Remember that convolution in the time domain corresponds to multiplication
in the frequency domain.  In this case, we're doing the opposite.  We
multiplied our data by a boxcar window in the time domain, and that's
equivalent to convolving with a sinc function in the frequency domain:

$$\begin{equation}
\hat{X}(f) = \int_{-\infty}^{\infty} X(g) W(f-g)\, dg \hspace{3cm} (34)
\end{equation}
$$

where
$$
\begin{equation}
{W}(f) = \frac{\sin(2\pi f T)}{2\pi f T} = \mbox{\rm sinc}\left(2 f T\right), \hspace{3cm} (35)
\end{equation}
$$

for a record length of 2T.

Corresponding, the spectrum is convolved with $W(f)^2 = \mbox{\rm sinc}(2 f T)^2$.  This has a central peak of width $\Delta f = \pm 1/(2T)$.  The window will have a
maximum value

$$\begin{equation}
|W(f)|^2 < (2\pi f T)^{-2} \hspace{3cm} (36)
\end{equation}
$$

The side lobes of the window are definitely problematic.  And it turns out
that we're not stuck with them.  If we can widen the central peak of $W$
(the Fourier transform of our window), we can lower the impact of the side
lobes.  To do this, we'll want to forego the rectangular window in the time
domain and choose something that lets us attenuate the beginnings and
ends of each segment of our data.  What if we chose a triangle window?  That

will already give us fewer side lobes.

The side lobes of the window are definitely problematic.  And it turns out
that we're not stuck with them.  If we can widen the central peak of $W$
(the Fourier transform of our window), we can lower the impact of the side
lobes.  To do this, we'll want to forego the rectangular window in the time
domain and choose something that lets us attenuate the beginnings and
ends of each segment of our data.  What if we chose a triangle window?  That
will already give us fewer side lobes.

But we can keep going to find a window that looks more like an exponential.
Leading possibilities:

1. Cosine taper:
$$\begin{equation}
w(t)=\cos^\alpha \left(\frac{\pi t}{2T}\right) \hspace{3cm} (37)
\end{equation}
$$

with $\alpha = [1,4]$.

2. Hanning window or "raised cosine" window (developed by von Hann):

$$\begin{equation}
w(t) = \cos^2\left(\frac{\pi t}{2T}\right) = \frac{1 + \cos(\pi t/T)}{2}
= 0.5 + 0.5\cos(\pi t/T) \hspace{3cm} (38)
\end{equation}
$$

3. Hamming window.  This variant of the Hanning window was developed by Hamming.

$$
\begin{equation}
w(t) = 0.54 + 0.46\cos(\pi t/T) \hspace{3cm} (39)
\end{equation}
$$

The Hamming window has less energy in the first side lobe but more in
the distant side lobes.

Some other options include a Blackman-Harris window or a Kasier-Bessel
window, and Harris (1978,  Use of windows for harmonic analysis,
*Proc. IEEE*) provides detailed discussion of options.

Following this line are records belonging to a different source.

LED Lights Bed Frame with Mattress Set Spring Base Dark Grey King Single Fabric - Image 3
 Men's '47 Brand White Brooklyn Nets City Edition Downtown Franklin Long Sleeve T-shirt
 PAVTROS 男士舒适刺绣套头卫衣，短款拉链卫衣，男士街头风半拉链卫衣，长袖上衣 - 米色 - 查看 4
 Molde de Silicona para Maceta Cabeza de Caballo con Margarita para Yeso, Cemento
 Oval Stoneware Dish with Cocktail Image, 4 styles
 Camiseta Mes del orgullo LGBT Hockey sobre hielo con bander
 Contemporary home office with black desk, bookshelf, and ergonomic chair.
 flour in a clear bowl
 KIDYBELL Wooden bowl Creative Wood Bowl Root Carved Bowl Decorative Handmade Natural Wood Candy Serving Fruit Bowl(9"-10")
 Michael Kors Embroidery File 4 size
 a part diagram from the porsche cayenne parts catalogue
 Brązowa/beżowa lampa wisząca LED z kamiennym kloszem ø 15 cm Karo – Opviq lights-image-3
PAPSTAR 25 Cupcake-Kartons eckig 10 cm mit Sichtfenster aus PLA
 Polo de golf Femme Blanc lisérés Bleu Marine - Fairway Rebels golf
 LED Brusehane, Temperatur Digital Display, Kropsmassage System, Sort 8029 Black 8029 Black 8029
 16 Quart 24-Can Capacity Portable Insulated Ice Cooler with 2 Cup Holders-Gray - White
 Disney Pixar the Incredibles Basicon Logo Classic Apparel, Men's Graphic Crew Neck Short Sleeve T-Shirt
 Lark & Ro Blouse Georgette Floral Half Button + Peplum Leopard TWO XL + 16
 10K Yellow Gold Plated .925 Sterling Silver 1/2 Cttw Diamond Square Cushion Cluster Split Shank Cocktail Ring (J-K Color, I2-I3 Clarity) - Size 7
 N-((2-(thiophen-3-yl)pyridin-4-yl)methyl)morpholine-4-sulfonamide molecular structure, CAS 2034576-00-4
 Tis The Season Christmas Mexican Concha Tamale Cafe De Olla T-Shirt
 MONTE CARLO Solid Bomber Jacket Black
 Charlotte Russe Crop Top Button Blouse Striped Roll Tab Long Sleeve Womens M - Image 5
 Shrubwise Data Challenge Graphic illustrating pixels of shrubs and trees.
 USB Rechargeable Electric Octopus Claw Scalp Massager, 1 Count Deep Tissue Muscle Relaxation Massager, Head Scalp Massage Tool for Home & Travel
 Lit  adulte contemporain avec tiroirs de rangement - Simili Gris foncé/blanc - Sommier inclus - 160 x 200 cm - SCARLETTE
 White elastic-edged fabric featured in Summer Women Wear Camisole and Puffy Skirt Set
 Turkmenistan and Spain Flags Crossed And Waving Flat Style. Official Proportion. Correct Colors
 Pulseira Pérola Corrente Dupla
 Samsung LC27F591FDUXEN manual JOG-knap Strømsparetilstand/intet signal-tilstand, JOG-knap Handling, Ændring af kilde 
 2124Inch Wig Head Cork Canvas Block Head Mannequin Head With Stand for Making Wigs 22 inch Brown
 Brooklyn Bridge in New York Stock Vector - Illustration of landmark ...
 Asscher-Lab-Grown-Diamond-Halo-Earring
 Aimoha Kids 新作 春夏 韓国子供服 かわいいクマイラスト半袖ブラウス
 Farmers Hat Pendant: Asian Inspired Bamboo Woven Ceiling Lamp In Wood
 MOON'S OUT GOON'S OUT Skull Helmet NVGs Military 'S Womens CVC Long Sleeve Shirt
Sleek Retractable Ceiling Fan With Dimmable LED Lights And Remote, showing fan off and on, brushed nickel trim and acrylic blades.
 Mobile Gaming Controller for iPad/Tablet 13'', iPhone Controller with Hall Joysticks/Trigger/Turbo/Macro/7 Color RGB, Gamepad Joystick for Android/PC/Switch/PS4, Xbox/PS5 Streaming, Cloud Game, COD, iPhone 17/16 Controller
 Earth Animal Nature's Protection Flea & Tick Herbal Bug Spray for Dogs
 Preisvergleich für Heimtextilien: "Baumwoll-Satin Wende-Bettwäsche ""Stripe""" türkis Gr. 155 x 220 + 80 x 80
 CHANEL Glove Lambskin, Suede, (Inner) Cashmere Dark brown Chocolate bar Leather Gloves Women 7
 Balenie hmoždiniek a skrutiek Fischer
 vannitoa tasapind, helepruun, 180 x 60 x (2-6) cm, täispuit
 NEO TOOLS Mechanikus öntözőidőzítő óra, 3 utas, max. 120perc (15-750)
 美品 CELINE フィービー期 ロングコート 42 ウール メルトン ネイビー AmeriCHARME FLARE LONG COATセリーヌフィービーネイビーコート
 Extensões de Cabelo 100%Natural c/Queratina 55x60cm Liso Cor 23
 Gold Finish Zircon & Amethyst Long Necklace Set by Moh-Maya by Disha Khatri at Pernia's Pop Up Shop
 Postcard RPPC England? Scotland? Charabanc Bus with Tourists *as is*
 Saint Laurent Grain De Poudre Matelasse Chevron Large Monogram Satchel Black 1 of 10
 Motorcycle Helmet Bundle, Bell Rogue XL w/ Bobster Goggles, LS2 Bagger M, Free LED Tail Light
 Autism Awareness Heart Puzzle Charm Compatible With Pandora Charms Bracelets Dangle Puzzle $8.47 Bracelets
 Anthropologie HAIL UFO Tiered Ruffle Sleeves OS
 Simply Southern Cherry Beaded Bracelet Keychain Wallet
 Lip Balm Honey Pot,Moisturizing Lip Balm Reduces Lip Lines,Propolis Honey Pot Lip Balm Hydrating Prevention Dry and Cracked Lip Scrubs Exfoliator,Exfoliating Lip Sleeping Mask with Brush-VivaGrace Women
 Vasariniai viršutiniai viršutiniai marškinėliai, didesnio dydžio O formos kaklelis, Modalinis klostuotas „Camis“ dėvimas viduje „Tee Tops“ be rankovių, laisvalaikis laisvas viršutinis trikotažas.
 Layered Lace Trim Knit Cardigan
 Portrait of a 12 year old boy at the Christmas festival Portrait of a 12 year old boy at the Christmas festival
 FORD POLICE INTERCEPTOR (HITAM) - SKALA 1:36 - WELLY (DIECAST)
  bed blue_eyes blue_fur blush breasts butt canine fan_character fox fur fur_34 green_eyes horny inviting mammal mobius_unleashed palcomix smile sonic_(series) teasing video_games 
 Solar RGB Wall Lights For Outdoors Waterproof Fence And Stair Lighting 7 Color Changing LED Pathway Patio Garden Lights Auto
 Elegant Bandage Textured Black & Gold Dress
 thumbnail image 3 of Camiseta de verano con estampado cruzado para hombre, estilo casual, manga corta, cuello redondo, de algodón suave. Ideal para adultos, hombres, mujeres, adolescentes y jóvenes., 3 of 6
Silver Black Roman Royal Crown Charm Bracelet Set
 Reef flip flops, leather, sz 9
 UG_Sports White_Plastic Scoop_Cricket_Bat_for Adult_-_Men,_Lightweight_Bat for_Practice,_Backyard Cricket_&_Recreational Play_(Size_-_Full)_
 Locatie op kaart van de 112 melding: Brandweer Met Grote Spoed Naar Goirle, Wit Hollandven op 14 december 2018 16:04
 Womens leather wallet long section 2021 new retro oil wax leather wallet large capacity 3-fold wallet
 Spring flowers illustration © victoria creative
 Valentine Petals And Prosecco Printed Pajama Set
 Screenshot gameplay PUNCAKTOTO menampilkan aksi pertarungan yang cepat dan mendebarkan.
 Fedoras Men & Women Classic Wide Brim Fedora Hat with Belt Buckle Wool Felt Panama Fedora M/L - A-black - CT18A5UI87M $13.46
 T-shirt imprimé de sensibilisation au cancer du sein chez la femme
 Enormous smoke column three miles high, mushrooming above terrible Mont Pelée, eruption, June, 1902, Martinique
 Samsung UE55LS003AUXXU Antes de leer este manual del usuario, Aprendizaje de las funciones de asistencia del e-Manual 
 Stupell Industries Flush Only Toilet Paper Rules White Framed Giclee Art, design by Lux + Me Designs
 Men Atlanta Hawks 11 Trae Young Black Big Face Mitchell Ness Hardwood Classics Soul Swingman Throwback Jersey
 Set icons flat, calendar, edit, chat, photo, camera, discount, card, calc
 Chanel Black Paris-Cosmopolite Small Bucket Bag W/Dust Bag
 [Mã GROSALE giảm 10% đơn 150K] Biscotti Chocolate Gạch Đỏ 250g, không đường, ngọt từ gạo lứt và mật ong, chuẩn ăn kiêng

So how do you use a window?

1. First you must demean your data---otherwise,
the window will shift energy from the mean into other frequencies.  If you're
working in segments, you should demean (and detrend) each segment before
you do anything further.

2. Second, for a segment with $N$ points, multiply by a window that is $N$ points wide.

3. Since the window attentuates the impact of the edge of each segment, you can use segments that overlap (typically by 50%).This will give you (almost) twice as many segments, so instead of $\nu$ degrees some larger number.

4. Now Fourier transform, scale appropriately (e.g. by $\sqrt{8/3}$ for a Hanning window, to account for energy attenuation) and compute amplitudes.}

Will the window preserve energy in your system?  Not necessarily.  You can
normalize it appropriately, but windowing can shift the background energy
level of your spectrum relative to the spectral peaks,
and you'll want to keep track of this.